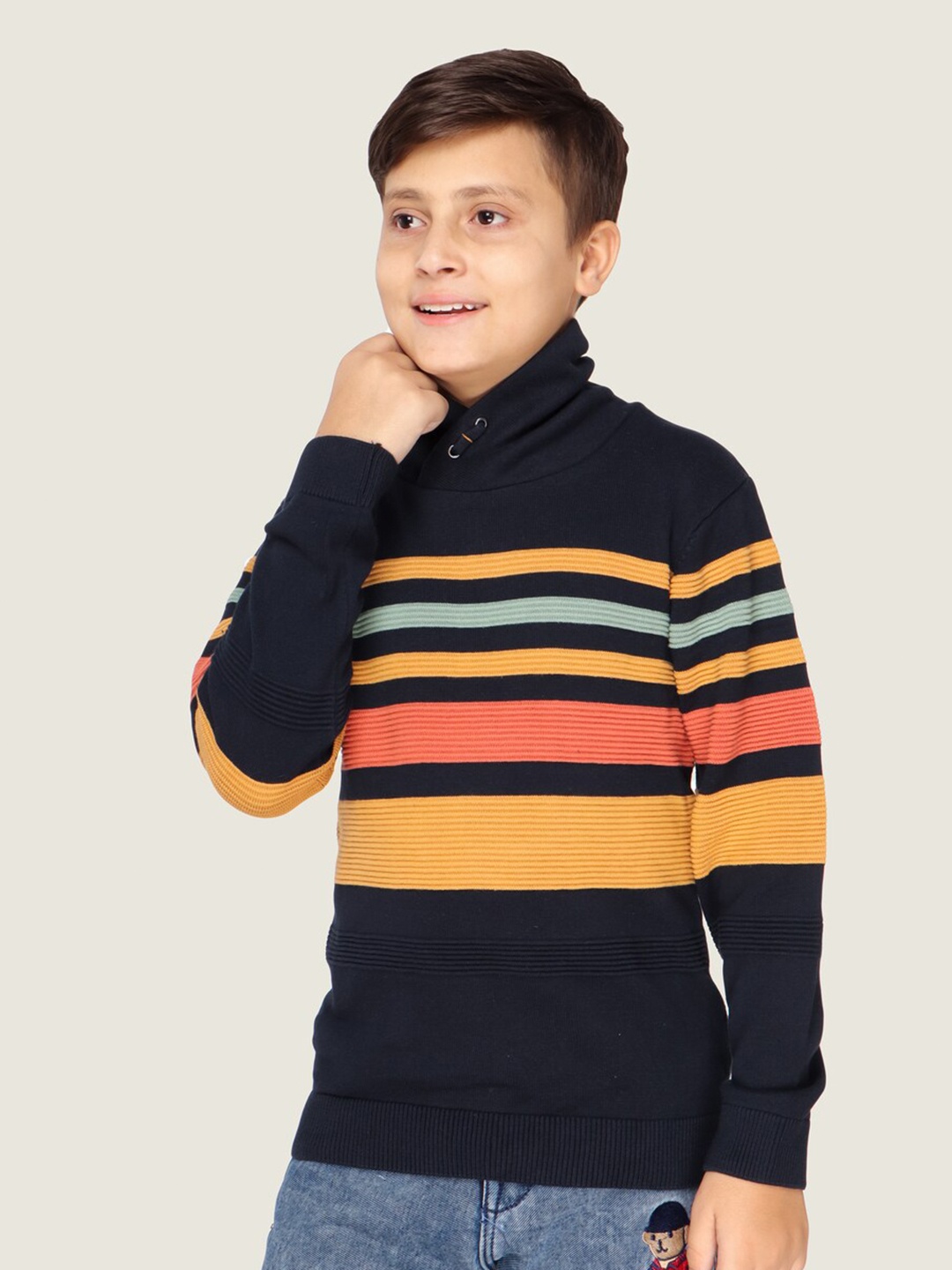 

LASNAK Boys Navy Blue & Yellow Striped Cotton Pullover Sweater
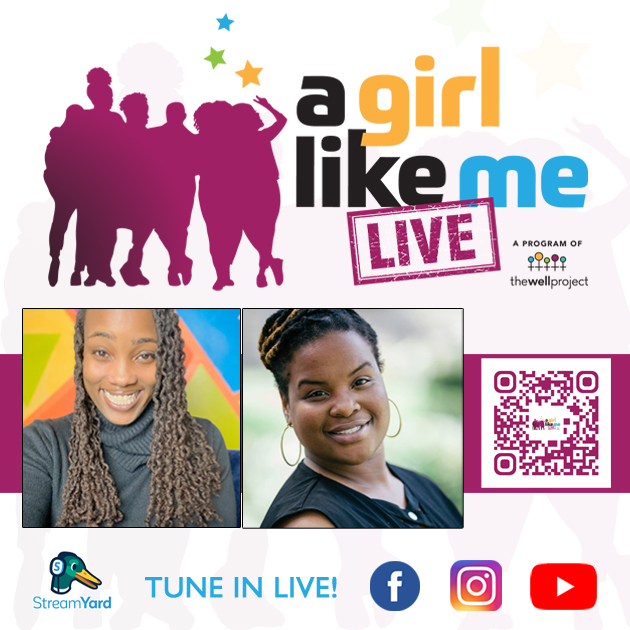 Flyer for A Girl Like Me LIVE event with headshots of Ciarra "Ci Ci" Covin and Robin Barkins, as well as event details and a QR code to register.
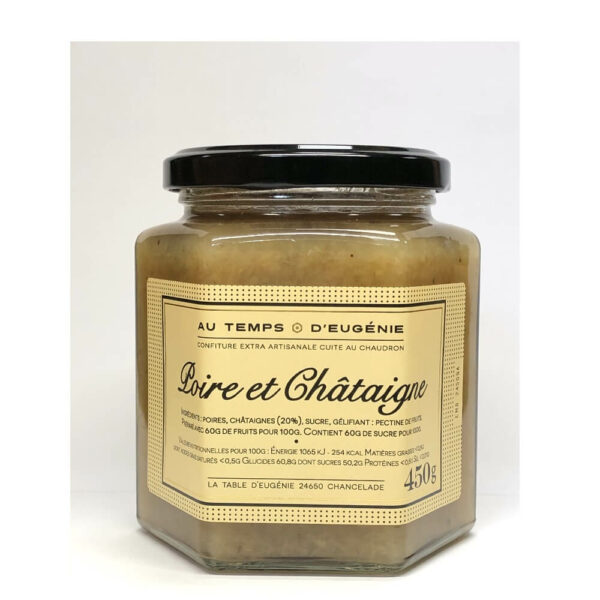 Confiture artisanale Poire et Châtaigne 325gr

**Problem**:
Print the data again, word for word, without any pictures.

**Solution to the problem**:
LASNAK Boys Navy Blue & Yellow Striped Cotton Pullover Sweater
 Flyer for A Girl Like Me LIVE event with headshots of Ciarra "Ci Ci" Covin and Robin Barkins, as well as event details and a QR code to register.
 Confiture artisanale Poire et Châtaigne 325gr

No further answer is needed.